Britain must do more to deter Russian aggression – diplomacy and sanctions are not enough
The term “grand strategy” may seem like a relic from previous centuries which became irrelevant with the end of the Cold War, but this is to ignore what is happening in today’s world.
Many governments practice grand strategy, but sadly few are our allies. Most are despotic regimes who are challenging the rules based international order, upon which Western security and the global trading system depend.
Putin’s goal is nothing less than to demonstrate the end of US global hegemony and to establish Russia as its equal; the pre-eminent power able to drive a wedge between Europe and the USA. As this strategy succeeds, Putin also intends to leverage China’s power to influence in his own interests.

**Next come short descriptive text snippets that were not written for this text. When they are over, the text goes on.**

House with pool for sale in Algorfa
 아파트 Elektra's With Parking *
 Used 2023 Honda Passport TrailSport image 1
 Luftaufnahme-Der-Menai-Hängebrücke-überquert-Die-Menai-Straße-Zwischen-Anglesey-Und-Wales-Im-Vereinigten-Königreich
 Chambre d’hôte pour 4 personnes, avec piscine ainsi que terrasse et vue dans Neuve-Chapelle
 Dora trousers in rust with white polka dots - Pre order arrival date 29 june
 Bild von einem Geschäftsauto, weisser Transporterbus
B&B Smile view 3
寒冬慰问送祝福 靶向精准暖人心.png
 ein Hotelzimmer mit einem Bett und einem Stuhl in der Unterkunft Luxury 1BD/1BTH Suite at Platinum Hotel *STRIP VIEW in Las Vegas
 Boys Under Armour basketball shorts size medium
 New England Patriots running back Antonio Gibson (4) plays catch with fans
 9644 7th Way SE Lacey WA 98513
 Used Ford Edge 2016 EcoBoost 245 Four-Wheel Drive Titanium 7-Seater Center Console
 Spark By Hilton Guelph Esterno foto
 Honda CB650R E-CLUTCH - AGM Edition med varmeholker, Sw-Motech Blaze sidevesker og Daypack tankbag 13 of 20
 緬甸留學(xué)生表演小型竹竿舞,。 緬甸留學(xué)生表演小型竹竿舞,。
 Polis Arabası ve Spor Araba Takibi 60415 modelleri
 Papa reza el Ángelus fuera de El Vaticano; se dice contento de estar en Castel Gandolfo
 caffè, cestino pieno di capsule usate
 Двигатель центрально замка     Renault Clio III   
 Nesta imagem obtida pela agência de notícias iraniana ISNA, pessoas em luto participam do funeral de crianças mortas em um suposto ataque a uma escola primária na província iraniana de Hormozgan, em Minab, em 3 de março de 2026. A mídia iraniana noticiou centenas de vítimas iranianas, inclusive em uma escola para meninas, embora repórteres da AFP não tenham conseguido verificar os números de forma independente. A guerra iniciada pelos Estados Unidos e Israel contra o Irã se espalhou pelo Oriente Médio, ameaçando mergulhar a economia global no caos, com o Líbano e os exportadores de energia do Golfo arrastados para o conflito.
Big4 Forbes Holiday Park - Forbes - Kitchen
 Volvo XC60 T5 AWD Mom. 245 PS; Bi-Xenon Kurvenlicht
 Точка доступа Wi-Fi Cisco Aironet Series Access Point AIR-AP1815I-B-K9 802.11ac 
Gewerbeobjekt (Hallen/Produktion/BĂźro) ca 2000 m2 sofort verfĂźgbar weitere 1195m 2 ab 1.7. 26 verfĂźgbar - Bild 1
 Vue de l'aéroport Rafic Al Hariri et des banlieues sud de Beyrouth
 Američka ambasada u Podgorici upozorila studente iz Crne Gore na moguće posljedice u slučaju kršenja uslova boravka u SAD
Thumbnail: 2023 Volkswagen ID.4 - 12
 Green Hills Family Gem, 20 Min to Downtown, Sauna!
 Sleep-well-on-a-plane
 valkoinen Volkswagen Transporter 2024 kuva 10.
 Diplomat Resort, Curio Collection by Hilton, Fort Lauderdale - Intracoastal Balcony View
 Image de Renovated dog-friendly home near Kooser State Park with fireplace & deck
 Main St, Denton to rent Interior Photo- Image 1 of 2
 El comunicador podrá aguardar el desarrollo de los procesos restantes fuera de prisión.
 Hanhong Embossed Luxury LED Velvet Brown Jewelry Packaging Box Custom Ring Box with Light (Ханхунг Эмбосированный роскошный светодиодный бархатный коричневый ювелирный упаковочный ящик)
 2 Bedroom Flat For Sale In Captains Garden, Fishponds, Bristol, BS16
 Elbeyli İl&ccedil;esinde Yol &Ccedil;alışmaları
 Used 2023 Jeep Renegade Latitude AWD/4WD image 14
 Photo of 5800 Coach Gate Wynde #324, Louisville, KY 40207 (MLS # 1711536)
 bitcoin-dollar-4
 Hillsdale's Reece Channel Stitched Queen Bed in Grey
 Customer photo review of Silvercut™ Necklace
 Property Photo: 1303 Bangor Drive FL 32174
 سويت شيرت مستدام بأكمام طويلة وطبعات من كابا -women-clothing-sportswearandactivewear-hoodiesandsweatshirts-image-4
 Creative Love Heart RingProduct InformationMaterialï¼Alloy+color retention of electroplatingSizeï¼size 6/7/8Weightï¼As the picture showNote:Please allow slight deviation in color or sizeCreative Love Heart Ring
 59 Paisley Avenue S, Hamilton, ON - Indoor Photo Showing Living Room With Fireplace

Putin is demanding that NATO never again admit new members, such as Sweden, Finland or Austria; that the alliance should be forbidden from any military presence in the former Warsaw Pact countries that have already joined NATO; and that the US should withdraw all its nuclear forces from Europe, so that the only missiles threatening European cities are Russian ones. This ultimatum is premised on a fundamental lie, that NATO represents a threat to Russian national security.
Ukraine is merely one component of a long-running hybrid campaign against the West
Modern Russia is nothing like the old Soviet Union. Nevertheless, we should not dismiss what Russia has done since 2008, what Russia is capable of doing with its vast arsenal of new weaponry. Nor should we take a complacent view of Russia’s future intentions.
Many Western leaders, and the bulk of the Western public, have not yet understood that Ukraine is merely one component of a long-running hybrid campaign against the West. Russia’s campaign is conducted like a war, with a war-like strategic headquarters at the National Defence Centre at the old army staff HQ, where all the elements of the Russian state are represented in a permanent warlike council, re-analysing, reassessing and revising plans and tactics.
The whole concept of strategy as understood and practised by Putin and his colleagues is as something completely interactive with what their opponents are doing. It is not a detailed blueprint to be followed, but a measure-countermeasure activity: a research operation based on real empiricism; an organically evolving struggle; a continual experiment where the weapons are refined and even created during the battle; where stratagems and tactics must be constantly adapted and plans constantly rewritten.
To guide its constant and rapid adaptation, the strategy process must also include feedback loops and learning processes. To enable this, the hybrid warfare “battlefield” is what they call “instrumented”: constantly monitored by military and civilian analysts, both in Russia and abroad by embassy staff, journalists, intelligence officers, and other collaborators.
Meanwhile, Western governments like ours are still operating on the basis that we face no warlike challenges or campaigns. We lack strategic imagination that would offer us opportunities to pre-empt or disrupt the Russian strategy. We have no comprehensive body of skills and knowledge to give us analogous capacity to compete with Russia’s grand strategy, while Russia and others like China undermine the foundations of global security.
The UK needs to rediscover what in the past it has done so well, but it means an end to muddling through. It means creating machinery and culture in government that can match the capability and determination of our adversaries in every field of government activity.
Everything the government are now doing is commendable, but diplomacy, expelling diplomats, diplomatic language and even economic sanctions are not enough.
Sir Bernard Jenkin is the Conservative MP for Harwich and North Essex.